Each line, starting at the one with "Autumn leaves under" and running to the end of the data below, is to be set down again exactly, both ends included; leave pictures out.

Records for this exercise START

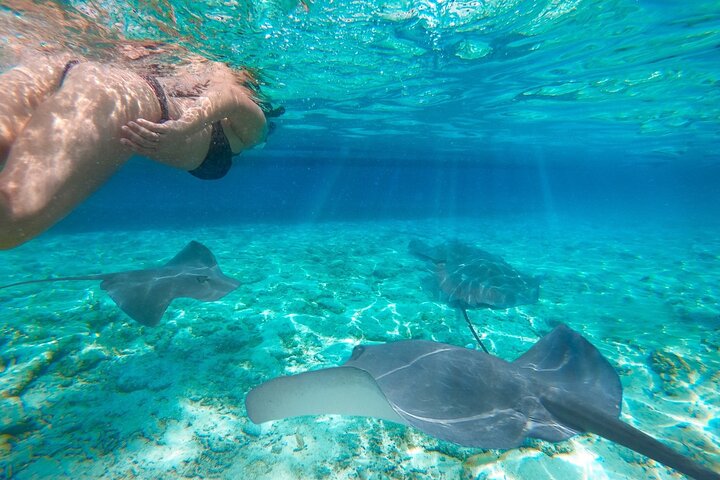 Private Early Bird Komodo Tour por Speedboat – Beat the Crowds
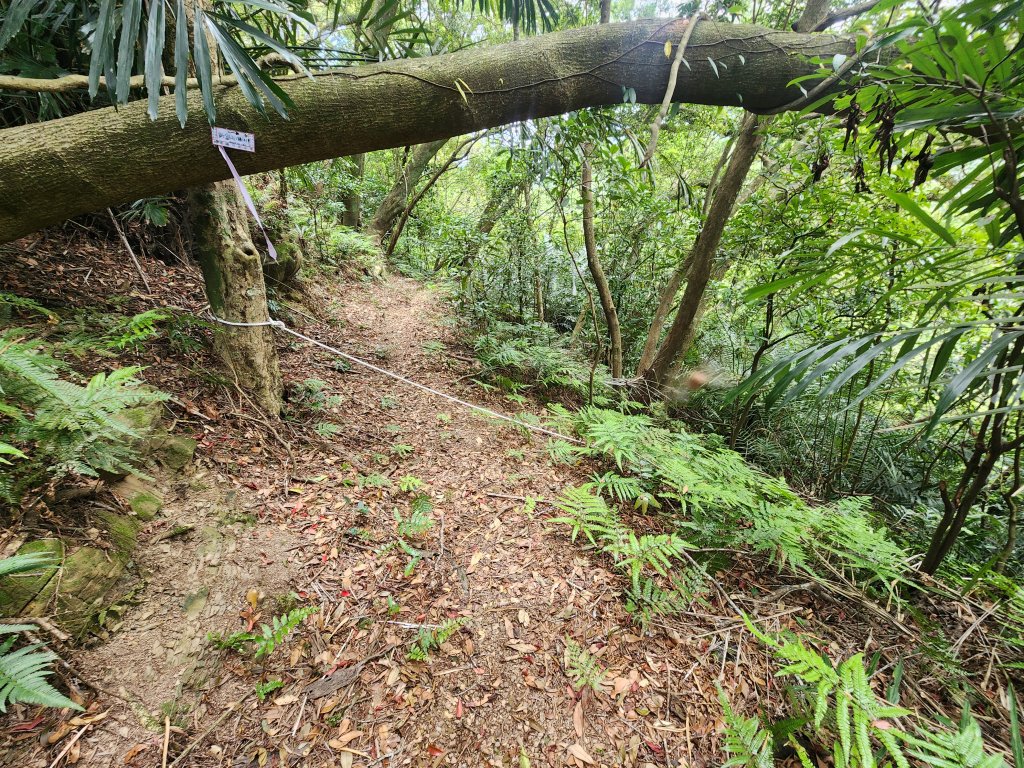 20250419蕩跋山劉家界山老社寮山新富山_2936235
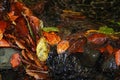 Autumn leaves under the flowing water, autumn background Royalty Free Stock Photo
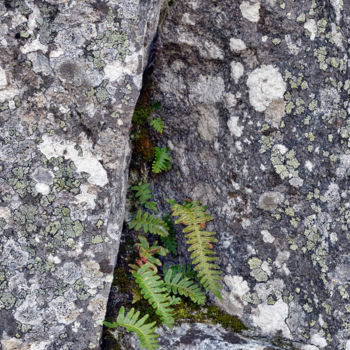 Photography titled "Lichens 10" by Alain Brasseur, Original Artwork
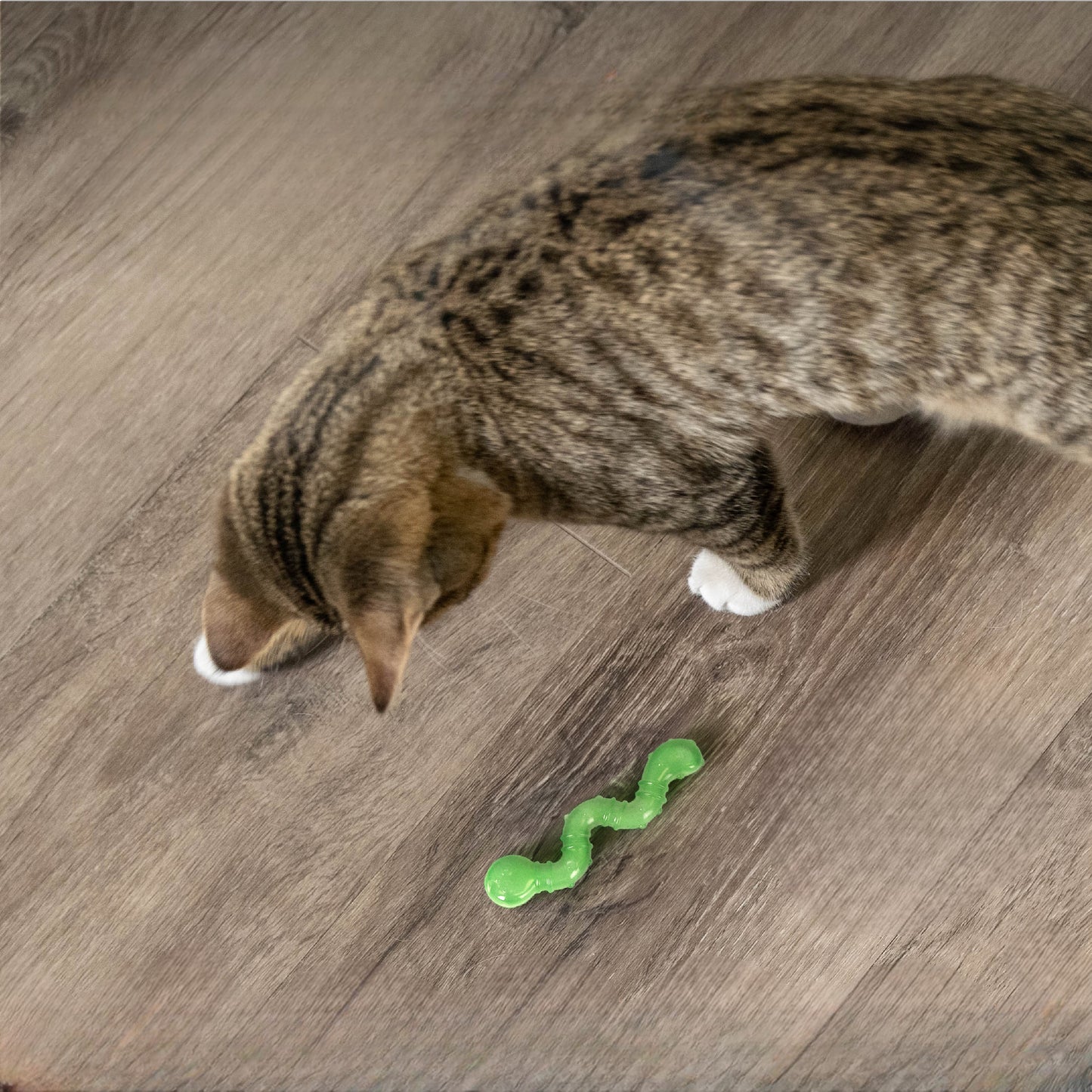 Catstages Catnip Wiggle Worm Infused With Catnip Oil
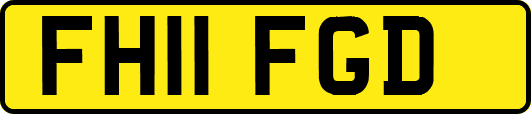 FH11FGD
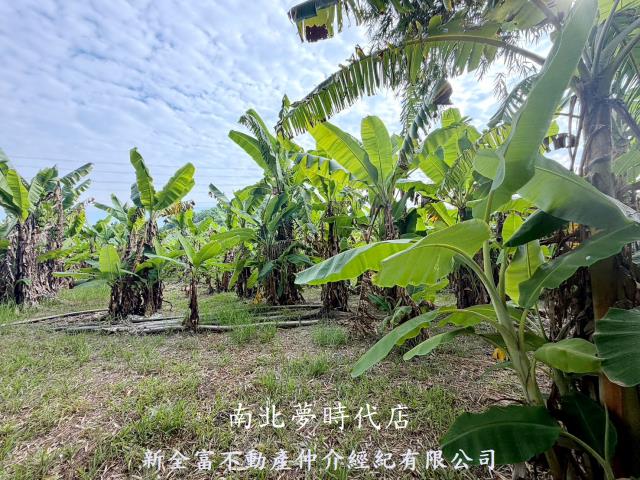 台南左鎮農地-4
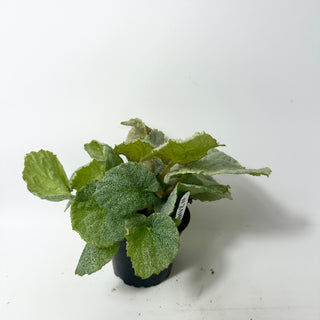 Begonia 'Bobbie's Gift' [#2005]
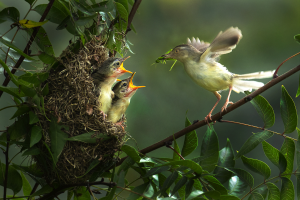 PhotoVivo Honor Mention - Chin-Chin Tsai (Taiwan)Wren Warbler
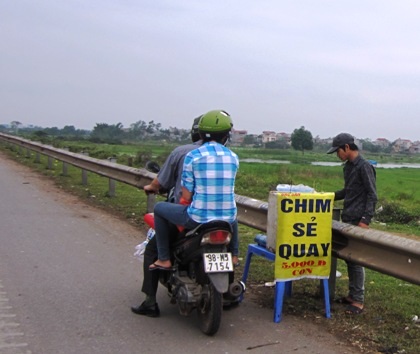 Đặc sản chim sẻ quay được bày bán la liệt trên Quốc lộ 1A đoạn gần TP Bắc Ninh.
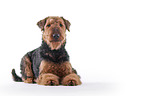 Airedale Terrier in front of white background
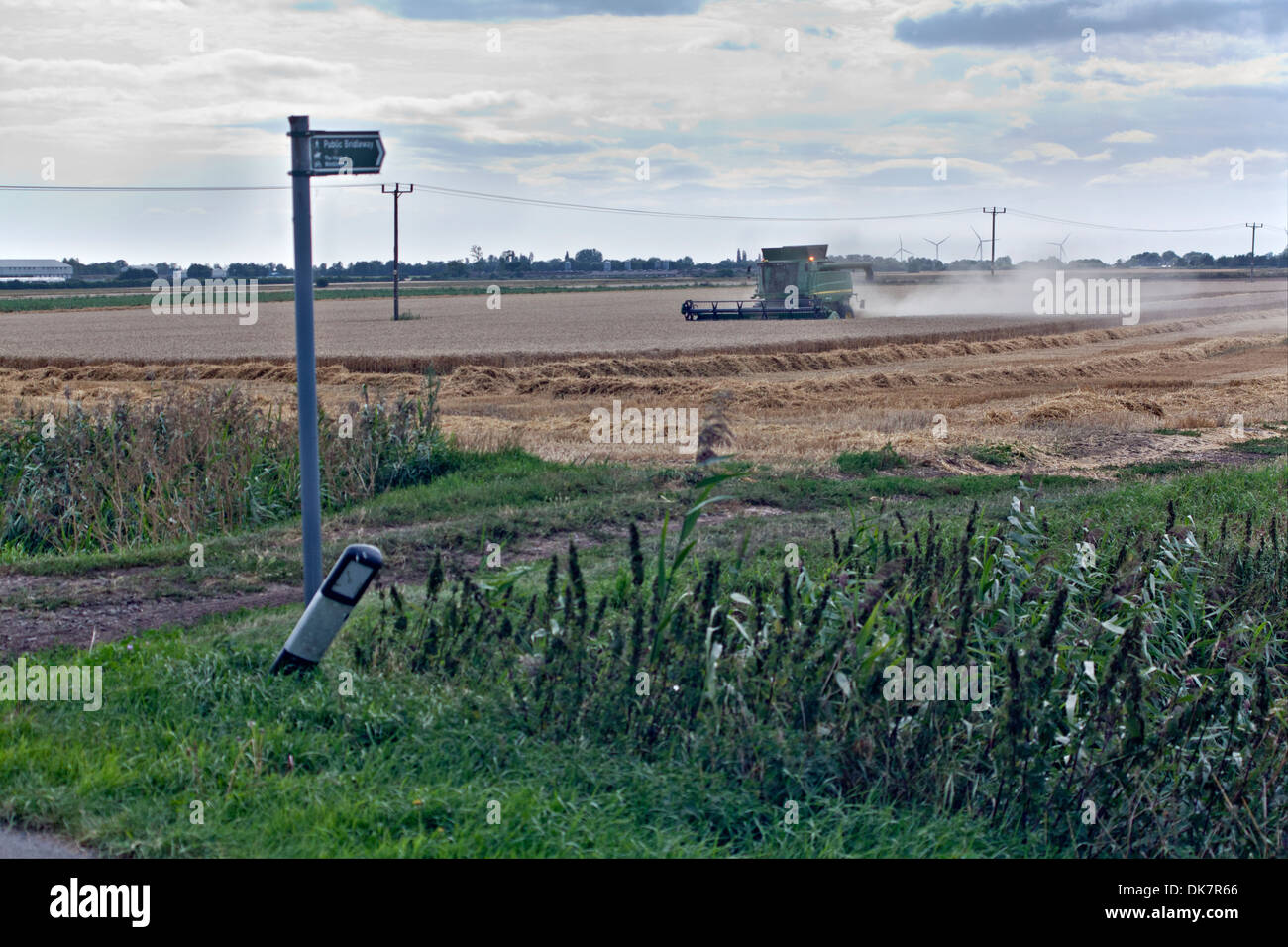 Moissonneuse batteuse travaillant dans le champ de blé ; lumière orange clignotante ; sentier pour signer en premier plan (v1) Banque D'Images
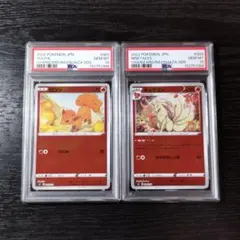 ポケカ リザードンVSレックウザ デッキセット ロコン キュウコンPSA10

Records for this exercise END

◆ Response to this exercise:
 Autumn leaves under the flowing water, autumn background Royalty Free Stock Photo
 Photography titled "Lichens 10" by Alain Brasseur, Original Artwork
 Catstages Catnip Wiggle Worm Infused With Catnip Oil
 FH11FGD
 台南左鎮農地-4
 Begonia 'Bobbie's Gift' [#2005]
 PhotoVivo Honor Mention - Chin-Chin Tsai (Taiwan)Wren Warbler
 Đặc sản chim sẻ quay được bày bán la liệt trên Quốc lộ 1A đoạn gần TP Bắc Ninh.
 Airedale Terrier in front of white background
 Moissonneuse batteuse travaillant dans le champ de blé ; lumière orange clignotante ; sentier pour signer en premier plan (v1) Banque D'Images
 ポケカ リザードンVSレックウザ デッキセット ロコン キュウコンPSA10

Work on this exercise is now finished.